What needs to be done: Starting with the line that has "An aerial shot" and finishing with the line that has "CLOSE UP: Cheerful", set down each line below exactly. Pictures are not copied.

Data shown:
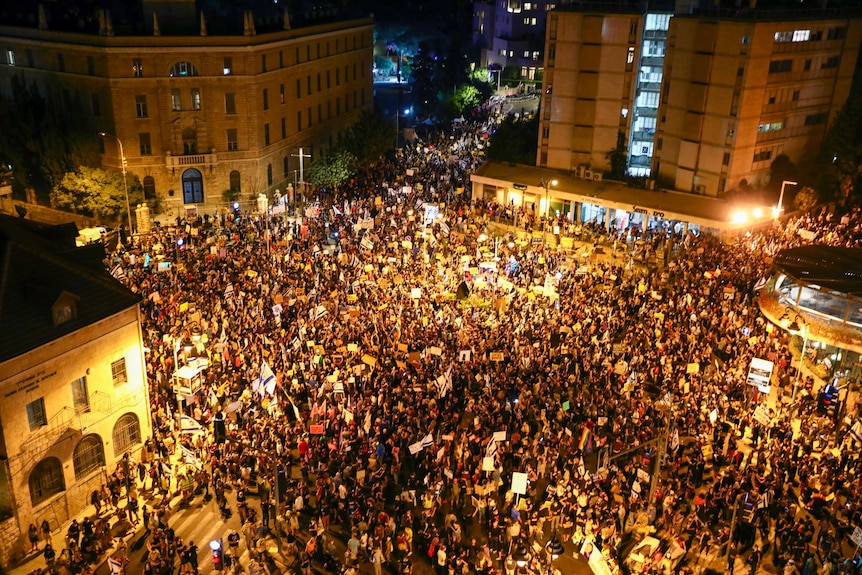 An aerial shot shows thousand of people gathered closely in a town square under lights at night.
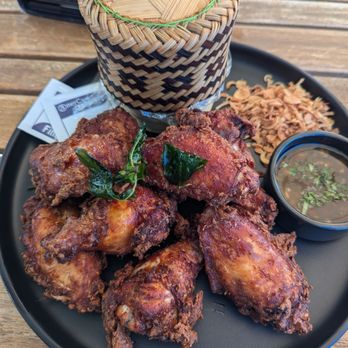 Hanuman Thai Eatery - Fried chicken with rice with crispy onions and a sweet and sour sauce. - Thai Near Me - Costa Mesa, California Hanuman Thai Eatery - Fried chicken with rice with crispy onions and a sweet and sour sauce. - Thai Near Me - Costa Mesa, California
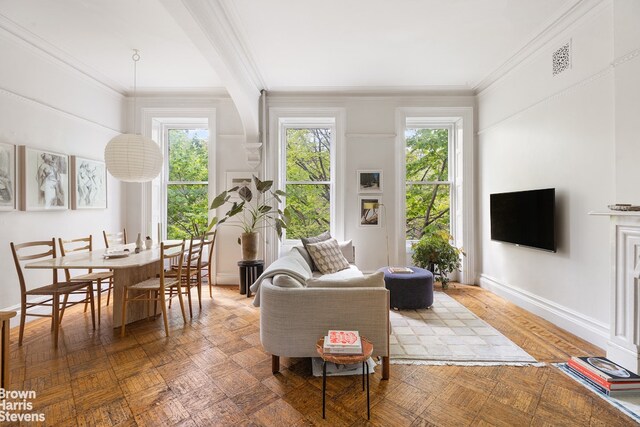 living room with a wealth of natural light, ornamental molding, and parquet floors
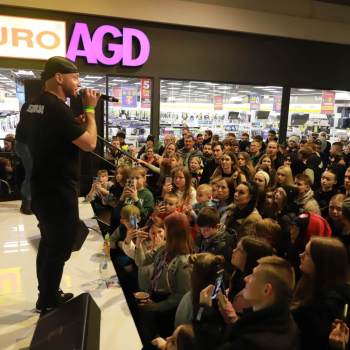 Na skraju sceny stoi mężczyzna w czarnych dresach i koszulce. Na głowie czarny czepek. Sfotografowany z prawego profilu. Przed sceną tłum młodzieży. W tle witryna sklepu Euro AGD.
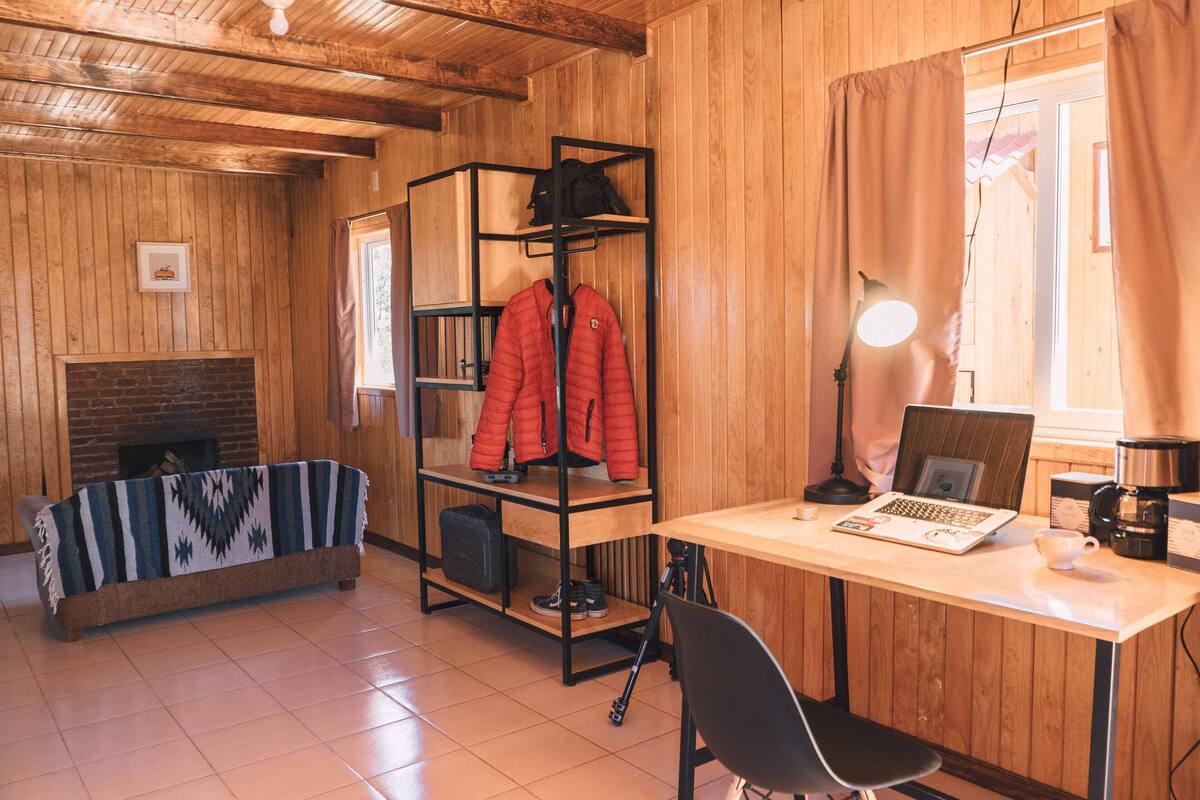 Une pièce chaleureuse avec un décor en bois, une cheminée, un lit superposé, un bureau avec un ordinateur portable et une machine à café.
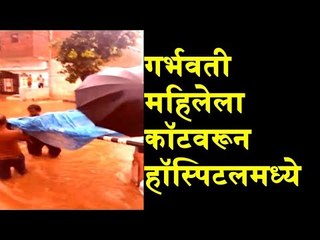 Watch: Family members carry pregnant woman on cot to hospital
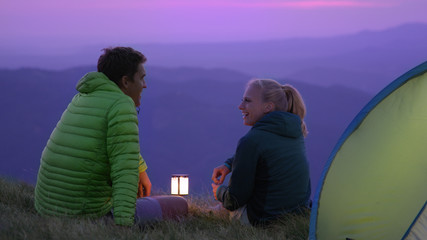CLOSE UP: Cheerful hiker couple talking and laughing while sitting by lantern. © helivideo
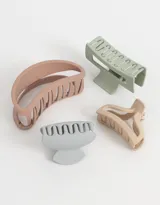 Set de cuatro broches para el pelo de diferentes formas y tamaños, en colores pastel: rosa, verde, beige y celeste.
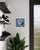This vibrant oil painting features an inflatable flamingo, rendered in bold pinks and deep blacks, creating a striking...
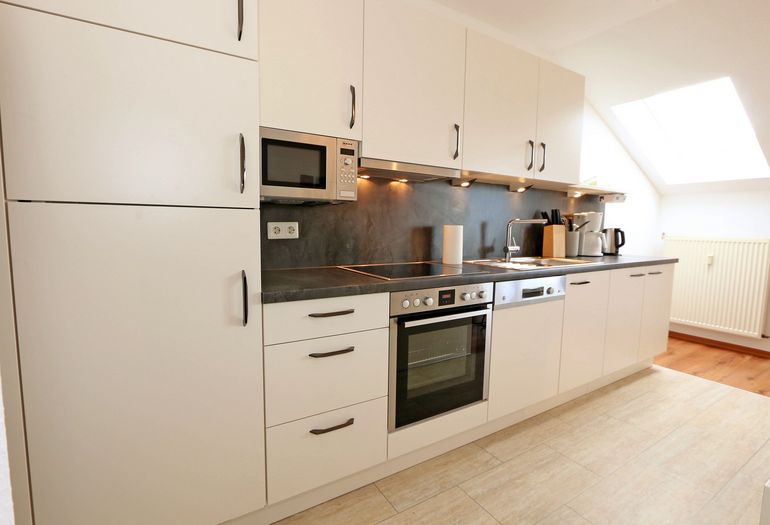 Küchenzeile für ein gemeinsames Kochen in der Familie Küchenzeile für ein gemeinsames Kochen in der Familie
* * *
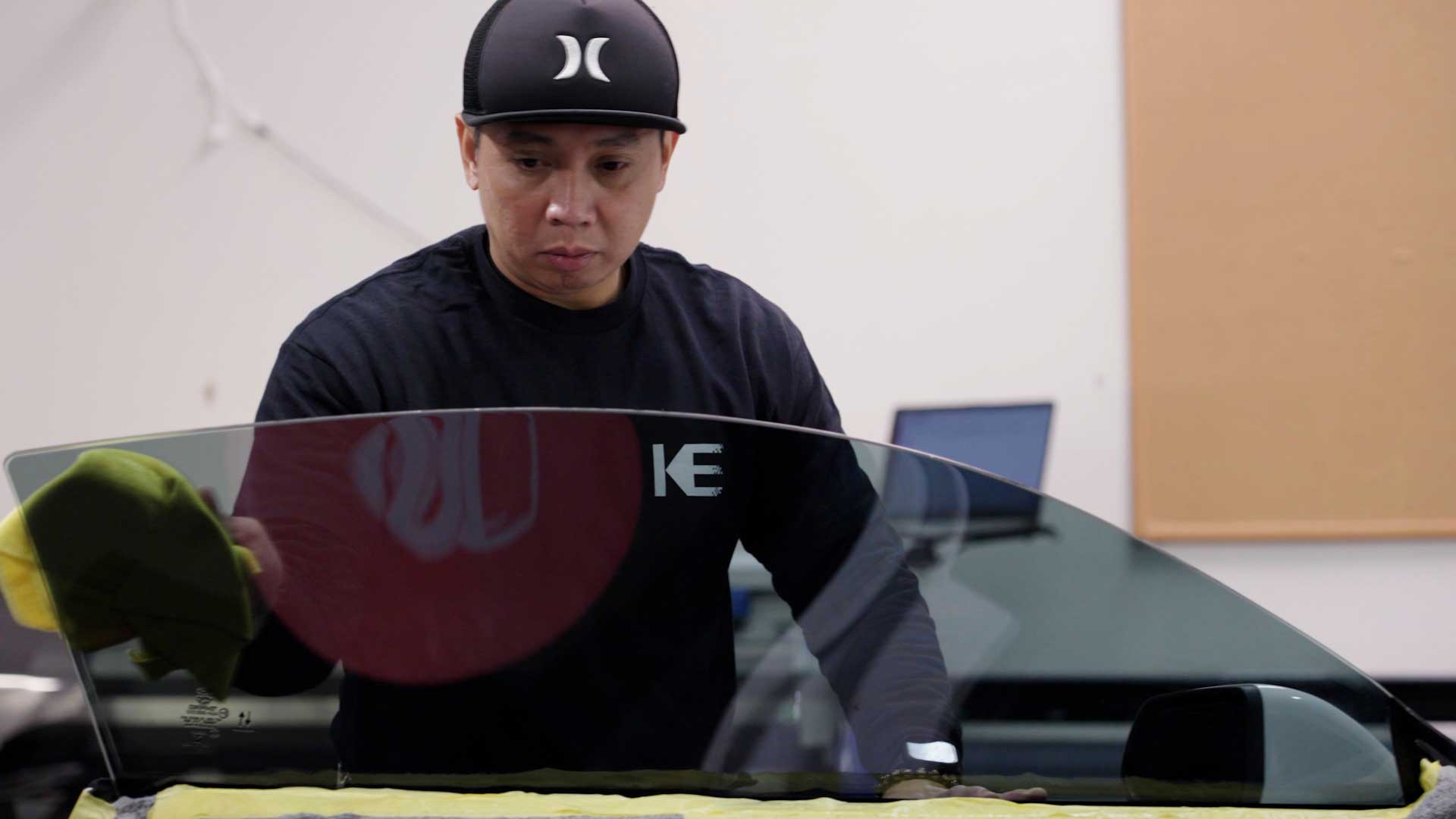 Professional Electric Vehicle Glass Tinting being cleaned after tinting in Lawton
--
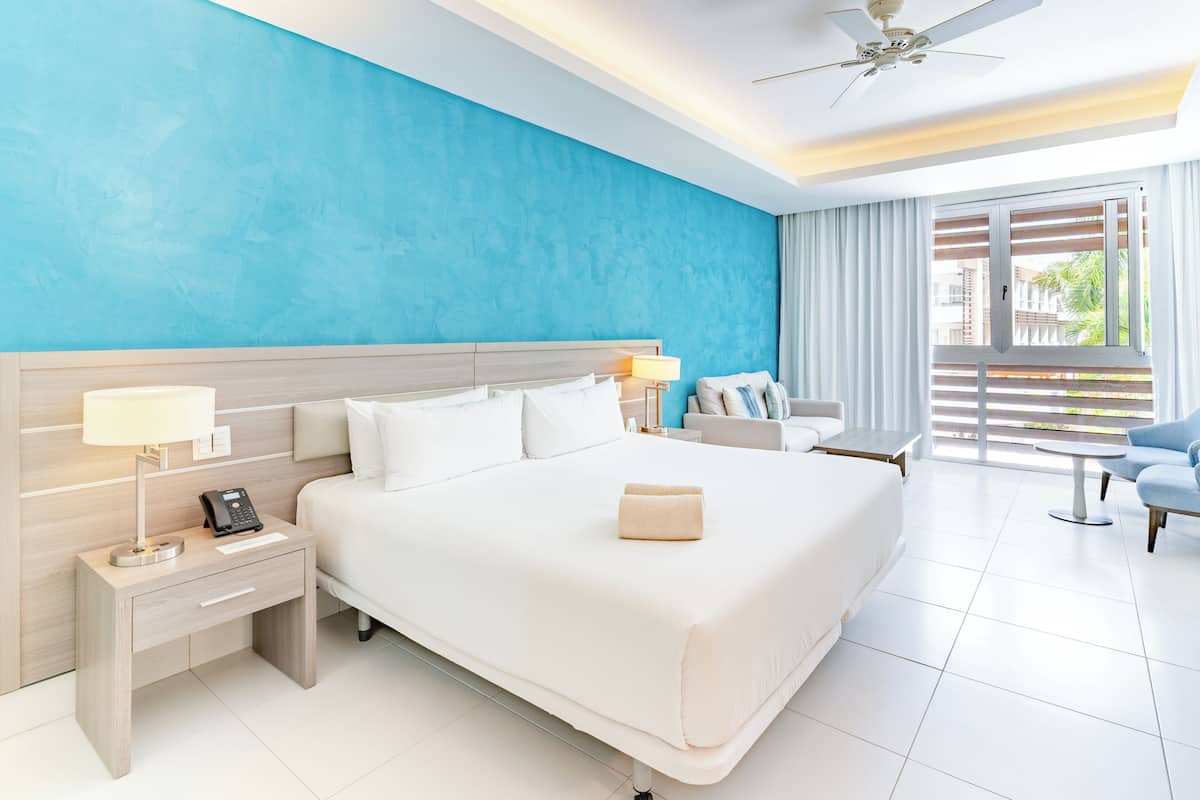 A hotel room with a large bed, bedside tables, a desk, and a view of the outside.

Finished task:
 An aerial shot shows thousand of people gathered closely in a town square under lights at night.
 Hanuman Thai Eatery - Fried chicken with rice with crispy onions and a sweet and sour sauce. - Thai Near Me - Costa Mesa, California Hanuman Thai Eatery - Fried chicken with rice with crispy onions and a sweet and sour sauce. - Thai Near Me - Costa Mesa, California
 living room with a wealth of natural light, ornamental molding, and parquet floors
 Na skraju sceny stoi mężczyzna w czarnych dresach i koszulce. Na głowie czarny czepek. Sfotografowany z prawego profilu. Przed sceną tłum młodzieży. W tle witryna sklepu Euro AGD.
 Une pièce chaleureuse avec un décor en bois, une cheminée, un lit superposé, un bureau avec un ordinateur portable et une machine à café.
 Watch: Family members carry pregnant woman on cot to hospital
CLOSE UP: Cheerful hiker couple talking and laughing while sitting by lantern. © helivideo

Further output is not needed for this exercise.